### What to work on
Output every record below precisely as it is written.

***** Data for review *****

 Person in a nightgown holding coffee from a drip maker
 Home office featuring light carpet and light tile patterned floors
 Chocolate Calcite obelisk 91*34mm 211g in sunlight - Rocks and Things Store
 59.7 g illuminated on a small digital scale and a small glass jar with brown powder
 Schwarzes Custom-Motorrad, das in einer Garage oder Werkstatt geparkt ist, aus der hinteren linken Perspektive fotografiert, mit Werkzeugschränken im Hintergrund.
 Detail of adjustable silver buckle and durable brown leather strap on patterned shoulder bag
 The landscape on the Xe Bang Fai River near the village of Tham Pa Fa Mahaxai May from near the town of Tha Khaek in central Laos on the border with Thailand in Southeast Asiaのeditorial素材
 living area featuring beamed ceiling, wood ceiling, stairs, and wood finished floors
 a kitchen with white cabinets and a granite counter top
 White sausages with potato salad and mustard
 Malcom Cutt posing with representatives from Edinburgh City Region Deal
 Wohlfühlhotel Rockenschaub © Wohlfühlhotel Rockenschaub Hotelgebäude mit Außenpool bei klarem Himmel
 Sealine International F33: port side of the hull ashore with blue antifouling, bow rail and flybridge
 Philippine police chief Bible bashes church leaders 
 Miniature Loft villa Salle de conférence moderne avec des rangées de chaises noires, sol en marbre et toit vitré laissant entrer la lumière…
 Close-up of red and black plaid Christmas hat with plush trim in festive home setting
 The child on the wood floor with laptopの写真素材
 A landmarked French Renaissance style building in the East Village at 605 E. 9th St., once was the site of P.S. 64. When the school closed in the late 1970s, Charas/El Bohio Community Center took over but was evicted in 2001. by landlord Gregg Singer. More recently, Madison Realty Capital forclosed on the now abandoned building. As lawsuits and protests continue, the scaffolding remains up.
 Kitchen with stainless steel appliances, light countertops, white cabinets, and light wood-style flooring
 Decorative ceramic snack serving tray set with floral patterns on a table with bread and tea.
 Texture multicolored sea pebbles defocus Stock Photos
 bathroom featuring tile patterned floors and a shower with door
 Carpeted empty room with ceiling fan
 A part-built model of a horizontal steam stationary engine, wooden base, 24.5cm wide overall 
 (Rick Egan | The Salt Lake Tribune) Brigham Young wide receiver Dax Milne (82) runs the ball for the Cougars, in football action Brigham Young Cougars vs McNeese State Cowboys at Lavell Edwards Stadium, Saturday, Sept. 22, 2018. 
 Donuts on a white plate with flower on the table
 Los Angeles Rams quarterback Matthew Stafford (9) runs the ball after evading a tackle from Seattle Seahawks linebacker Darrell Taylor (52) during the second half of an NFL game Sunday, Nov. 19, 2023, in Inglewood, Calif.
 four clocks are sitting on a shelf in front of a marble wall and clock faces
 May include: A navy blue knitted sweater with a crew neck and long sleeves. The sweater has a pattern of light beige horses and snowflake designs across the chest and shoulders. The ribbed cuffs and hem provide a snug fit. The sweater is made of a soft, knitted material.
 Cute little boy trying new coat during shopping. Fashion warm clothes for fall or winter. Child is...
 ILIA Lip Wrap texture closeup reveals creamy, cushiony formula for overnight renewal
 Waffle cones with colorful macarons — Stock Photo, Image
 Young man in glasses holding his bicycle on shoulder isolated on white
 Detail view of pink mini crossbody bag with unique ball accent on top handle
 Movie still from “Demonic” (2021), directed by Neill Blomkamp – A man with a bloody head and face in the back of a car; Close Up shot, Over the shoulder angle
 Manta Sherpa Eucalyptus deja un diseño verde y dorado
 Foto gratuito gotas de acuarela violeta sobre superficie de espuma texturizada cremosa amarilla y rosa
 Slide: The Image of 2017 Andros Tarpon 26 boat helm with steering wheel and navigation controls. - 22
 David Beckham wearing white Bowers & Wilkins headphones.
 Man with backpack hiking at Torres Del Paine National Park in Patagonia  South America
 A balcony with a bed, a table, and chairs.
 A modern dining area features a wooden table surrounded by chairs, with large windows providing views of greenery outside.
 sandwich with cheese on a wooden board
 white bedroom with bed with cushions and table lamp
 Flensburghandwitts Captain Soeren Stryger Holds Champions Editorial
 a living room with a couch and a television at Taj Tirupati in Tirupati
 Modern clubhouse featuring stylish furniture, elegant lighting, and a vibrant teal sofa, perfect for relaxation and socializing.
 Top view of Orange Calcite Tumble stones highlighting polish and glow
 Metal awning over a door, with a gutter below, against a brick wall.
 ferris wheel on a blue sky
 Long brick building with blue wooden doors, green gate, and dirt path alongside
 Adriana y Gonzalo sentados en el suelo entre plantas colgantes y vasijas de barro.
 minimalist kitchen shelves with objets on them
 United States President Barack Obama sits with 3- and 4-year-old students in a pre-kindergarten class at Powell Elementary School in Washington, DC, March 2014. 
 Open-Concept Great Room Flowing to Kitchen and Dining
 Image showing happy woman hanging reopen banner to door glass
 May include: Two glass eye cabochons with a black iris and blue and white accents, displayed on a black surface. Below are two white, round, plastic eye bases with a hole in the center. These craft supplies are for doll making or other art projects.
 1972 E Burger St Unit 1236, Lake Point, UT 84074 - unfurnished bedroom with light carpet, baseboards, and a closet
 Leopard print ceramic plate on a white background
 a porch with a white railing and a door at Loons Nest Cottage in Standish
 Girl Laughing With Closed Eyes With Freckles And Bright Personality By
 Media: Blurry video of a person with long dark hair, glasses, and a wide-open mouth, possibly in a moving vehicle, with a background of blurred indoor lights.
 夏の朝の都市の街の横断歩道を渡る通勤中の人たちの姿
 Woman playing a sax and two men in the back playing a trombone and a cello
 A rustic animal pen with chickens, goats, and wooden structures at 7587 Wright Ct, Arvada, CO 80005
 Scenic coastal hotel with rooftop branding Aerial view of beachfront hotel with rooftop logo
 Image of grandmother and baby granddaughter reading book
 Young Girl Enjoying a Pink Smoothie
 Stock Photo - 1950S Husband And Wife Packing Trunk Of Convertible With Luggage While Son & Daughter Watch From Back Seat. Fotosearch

*****

### Solution to the problem
 Person in a nightgown holding coffee from a drip maker
 Home office featuring light carpet and light tile patterned floors
 Chocolate Calcite obelisk 91*34mm 211g in sunlight - Rocks and Things Store
 59.7 g illuminated on a small digital scale and a small glass jar with brown powder
 Schwarzes Custom-Motorrad, das in einer Garage oder Werkstatt geparkt ist, aus der hinteren linken Perspektive fotografiert, mit Werkzeugschränken im Hintergrund.
 Detail of adjustable silver buckle and durable brown leather strap on patterned shoulder bag
 The landscape on the Xe Bang Fai River near the village of Tham Pa Fa Mahaxai May from near the town of Tha Khaek in central Laos on the border with Thailand in Southeast Asiaのeditorial素材
 living area featuring beamed ceiling, wood ceiling, stairs, and wood finished floors
 a kitchen with white cabinets and a granite counter top
 White sausages with potato salad and mustard
 Malcom Cutt posing with representatives from Edinburgh City Region Deal
 Wohlfühlhotel Rockenschaub © Wohlfühlhotel Rockenschaub Hotelgebäude mit Außenpool bei klarem Himmel
 Sealine International F33: port side of the hull ashore with blue antifouling, bow rail and flybridge
 Philippine police chief Bible bashes church leaders 
 Miniature Loft villa Salle de conférence moderne avec des rangées de chaises noires, sol en marbre et toit vitré laissant entrer la lumière…
 Close-up of red and black plaid Christmas hat with plush trim in festive home setting
 The child on the wood floor with laptopの写真素材
 A landmarked French Renaissance style building in the East Village at 605 E. 9th St., once was the site of P.S. 64. When the school closed in the late 1970s, Charas/El Bohio Community Center took over but was evicted in 2001. by landlord Gregg Singer. More recently, Madison Realty Capital forclosed on the now abandoned building. As lawsuits and protests continue, the scaffolding remains up.
 Kitchen with stainless steel appliances, light countertops, white cabinets, and light wood-style flooring
 Decorative ceramic snack serving tray set with floral patterns on a table with bread and tea.
 Texture multicolored sea pebbles defocus Stock Photos
 bathroom featuring tile patterned floors and a shower with door
 Carpeted empty room with ceiling fan
 A part-built model of a horizontal steam stationary engine, wooden base, 24.5cm wide overall 
 (Rick Egan | The Salt Lake Tribune) Brigham Young wide receiver Dax Milne (82) runs the ball for the Cougars, in football action Brigham Young Cougars vs McNeese State Cowboys at Lavell Edwards Stadium, Saturday, Sept. 22, 2018. 
 Donuts on a white plate with flower on the table
 Los Angeles Rams quarterback Matthew Stafford (9) runs the ball after evading a tackle from Seattle Seahawks linebacker Darrell Taylor (52) during the second half of an NFL game Sunday, Nov. 19, 2023, in Inglewood, Calif.
 four clocks are sitting on a shelf in front of a marble wall and clock faces
 May include: A navy blue knitted sweater with a crew neck and long sleeves. The sweater has a pattern of light beige horses and snowflake designs across the chest and shoulders. The ribbed cuffs and hem provide a snug fit. The sweater is made of a soft, knitted material.
 Cute little boy trying new coat during shopping. Fashion warm clothes for fall or winter. Child is...
 ILIA Lip Wrap texture closeup reveals creamy, cushiony formula for overnight renewal
 Waffle cones with colorful macarons — Stock Photo, Image
 Young man in glasses holding his bicycle on shoulder isolated on white
 Detail view of pink mini crossbody bag with unique ball accent on top handle
 Movie still from “Demonic” (2021), directed by Neill Blomkamp – A man with a bloody head and face in the back of a car; Close Up shot, Over the shoulder angle
 Manta Sherpa Eucalyptus deja un diseño verde y dorado
 Foto gratuito gotas de acuarela violeta sobre superficie de espuma texturizada cremosa amarilla y rosa
 Slide: The Image of 2017 Andros Tarpon 26 boat helm with steering wheel and navigation controls. - 22
 David Beckham wearing white Bowers & Wilkins headphones.
 Man with backpack hiking at Torres Del Paine National Park in Patagonia  South America
 A balcony with a bed, a table, and chairs.
 A modern dining area features a wooden table surrounded by chairs, with large windows providing views of greenery outside.
 sandwich with cheese on a wooden board
 white bedroom with bed with cushions and table lamp
 Flensburghandwitts Captain Soeren Stryger Holds Champions Editorial
 a living room with a couch and a television at Taj Tirupati in Tirupati
 Modern clubhouse featuring stylish furniture, elegant lighting, and a vibrant teal sofa, perfect for relaxation and socializing.
 Top view of Orange Calcite Tumble stones highlighting polish and glow
 Metal awning over a door, with a gutter below, against a brick wall.
 ferris wheel on a blue sky
 Long brick building with blue wooden doors, green gate, and dirt path alongside
 Adriana y Gonzalo sentados en el suelo entre plantas colgantes y vasijas de barro.
 minimalist kitchen shelves with objets on them
 United States President Barack Obama sits with 3- and 4-year-old students in a pre-kindergarten class at Powell Elementary School in Washington, DC, March 2014. 
 Open-Concept Great Room Flowing to Kitchen and Dining
 Image showing happy woman hanging reopen banner to door glass
 May include: Two glass eye cabochons with a black iris and blue and white accents, displayed on a black surface. Below are two white, round, plastic eye bases with a hole in the center. These craft supplies are for doll making or other art projects.
 1972 E Burger St Unit 1236, Lake Point, UT 84074 - unfurnished bedroom with light carpet, baseboards, and a closet
 Leopard print ceramic plate on a white background
 a porch with a white railing and a door at Loons Nest Cottage in Standish
 Girl Laughing With Closed Eyes With Freckles And Bright Personality By
 Media: Blurry video of a person with long dark hair, glasses, and a wide-open mouth, possibly in a moving vehicle, with a background of blurred indoor lights.
 夏の朝の都市の街の横断歩道を渡る通勤中の人たちの姿
 Woman playing a sax and two men in the back playing a trombone and a cello
 A rustic animal pen with chickens, goats, and wooden structures at 7587 Wright Ct, Arvada, CO 80005
 Scenic coastal hotel with rooftop branding Aerial view of beachfront hotel with rooftop logo
 Image of grandmother and baby granddaughter reading book
 Young Girl Enjoying a Pink Smoothie
 Stock Photo - 1950S Husband And Wife Packing Trunk Of Convertible With Luggage While Son & Daughter Watch From Back Seat. Fotosearch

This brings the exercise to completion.